L'étude des "attaques" spécifiques du "Machine Learning" permet d'appréhender les risques et de mieux se protéger des "bugs" et des biais spécifiques de ces nouveaux services. Un article récent du "radar" d'O'Reilly distingue les catégories d'attaques suivantes :
  • L'empoisonnement (poisonning) qui consiste à polluer les bases d'apprentissage pour amener l’algorithme à apprendre des comportements différents de ceux attendus par les créateurs. Le chatbot Tay de Microsoft élaborait ses réponses à partir de l'analyse de conversations existantes sur le même sujet sur Twitter. Tay a rapidement reproduit les formulations racistes ou sexistes qu'on trouve en abondance sur Twitter lorsqu'on aborde certains thèmes. Il est normal qu'un service reproduise les biais présents dans sa base d'apprentissage.  Or les biais prévalent dans l'immense majorité des données existantes utilisées pour l'apprentissage.
  • L'évasion (Evasion) qui consiste à travailler ce qui est entré d'un algorithme de classification pour le faire "dérailler". La classification d'image est, par exemple, vulnérable au changement de quelques pixels sur la photo soumise au logiciel de classification. Ces quelques pixels ne vont pas changer la perception humaine mais vont tromper le logiciel comme illustré ci dessous :

Credit: Christian Szegedy et al.

  • L'abus d’identité (impersonification) consiste, inversement, à mobiliser les technologies pour créer l'apparence d'un utilisateur spécifique et produire des effets inattendus. On trouve dans cette catégorie les "Deep Fake" évoqués plus haut, mais aussi plus simplement l'utilisation par le dessin animé "South Park" des mots clés des assistants "Hey Alexa" ou "OK Google" qui a déclenché, à grande échelle, des réactions inattendues sur les équipements d'un grand nombre de téléspectateurs.  
  • L'inversion (inversion) est un risque qui porte sur la possibilité pour un utilisateur d'exploiter les réponses fournies par l'algorithme pour "deviner" une partie des données ayant servi à l'apprentissage. En effet, il arrive que les bases d'apprentissages soient confidentielles, par exemple parce qu'elles contiennent des informations personnelles. L'existence, même théorique de ce risque, est de nature à interdire l'utilisation de données "sensibles" dans les bases d'apprentissage. Cela pourrait contraindre fortement les méthodes d'apprentissage dans certains domaines.
Ces exemples, qui ne sont pas exhaustifs, montrent que si l'intelligence artificielle peut libérer l'homme d'un certain nombre de tâches répétitives, l'intervention humaine au moment de la conception puis de la validation du service est essentielle.
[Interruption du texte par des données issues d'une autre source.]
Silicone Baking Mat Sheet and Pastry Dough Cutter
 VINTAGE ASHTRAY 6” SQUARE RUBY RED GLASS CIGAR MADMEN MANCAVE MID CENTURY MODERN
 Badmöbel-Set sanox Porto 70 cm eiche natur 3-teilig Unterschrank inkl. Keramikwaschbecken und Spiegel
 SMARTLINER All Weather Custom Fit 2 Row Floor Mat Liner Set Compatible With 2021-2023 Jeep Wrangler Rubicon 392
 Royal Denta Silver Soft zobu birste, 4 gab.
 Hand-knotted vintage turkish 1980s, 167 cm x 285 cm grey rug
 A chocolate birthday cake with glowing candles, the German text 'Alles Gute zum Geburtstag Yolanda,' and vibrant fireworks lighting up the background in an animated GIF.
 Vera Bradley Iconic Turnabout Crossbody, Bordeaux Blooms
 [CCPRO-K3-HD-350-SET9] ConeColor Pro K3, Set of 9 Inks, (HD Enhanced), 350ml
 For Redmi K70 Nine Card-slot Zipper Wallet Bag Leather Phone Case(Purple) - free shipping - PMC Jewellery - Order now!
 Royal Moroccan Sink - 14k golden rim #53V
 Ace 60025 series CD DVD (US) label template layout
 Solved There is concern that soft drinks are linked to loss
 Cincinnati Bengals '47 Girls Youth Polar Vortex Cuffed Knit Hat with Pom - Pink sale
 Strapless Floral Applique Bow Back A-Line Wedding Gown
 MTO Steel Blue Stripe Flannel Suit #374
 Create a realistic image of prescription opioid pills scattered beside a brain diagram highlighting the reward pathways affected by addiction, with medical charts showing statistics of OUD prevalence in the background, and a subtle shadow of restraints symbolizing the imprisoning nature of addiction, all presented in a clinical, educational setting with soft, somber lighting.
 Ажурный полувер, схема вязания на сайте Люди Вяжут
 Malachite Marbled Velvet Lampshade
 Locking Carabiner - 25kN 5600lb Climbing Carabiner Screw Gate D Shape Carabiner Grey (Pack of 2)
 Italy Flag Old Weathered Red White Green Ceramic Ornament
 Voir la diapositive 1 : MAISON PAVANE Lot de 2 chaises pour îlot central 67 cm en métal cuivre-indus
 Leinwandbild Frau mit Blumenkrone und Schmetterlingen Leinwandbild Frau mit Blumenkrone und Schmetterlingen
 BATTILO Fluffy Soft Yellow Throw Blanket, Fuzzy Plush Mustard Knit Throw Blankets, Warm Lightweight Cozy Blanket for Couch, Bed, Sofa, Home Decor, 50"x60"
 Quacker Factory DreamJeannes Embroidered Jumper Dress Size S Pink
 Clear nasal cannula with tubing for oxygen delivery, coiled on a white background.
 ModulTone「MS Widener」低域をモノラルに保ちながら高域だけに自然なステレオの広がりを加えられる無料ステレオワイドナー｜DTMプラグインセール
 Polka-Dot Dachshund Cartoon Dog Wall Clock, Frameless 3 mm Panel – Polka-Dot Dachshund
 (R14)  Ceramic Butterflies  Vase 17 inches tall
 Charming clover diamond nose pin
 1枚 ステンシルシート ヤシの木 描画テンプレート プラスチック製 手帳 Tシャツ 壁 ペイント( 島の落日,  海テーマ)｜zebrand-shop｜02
L'examen critique des résultats en fonctionnement normal, la recherche de biais et de faille, la "robustesse" des algorithmes restent pour le moment des opérations qui ne peuvent se passer d'une intervention humaine qualitative et vigilante.
Cela n'est, bien sûr, pas antinomique avec l'apparition d'outils visant à faciliter l'évaluation des services. Lime et SHAP sont deux exemples de ces outils d'aide à l'analyse des modèles issues d'algorithmes de Machine Learning. Pour les plus intéressés, leurs mérites respectifs sont comparés dans cet article sur le blog de Domino.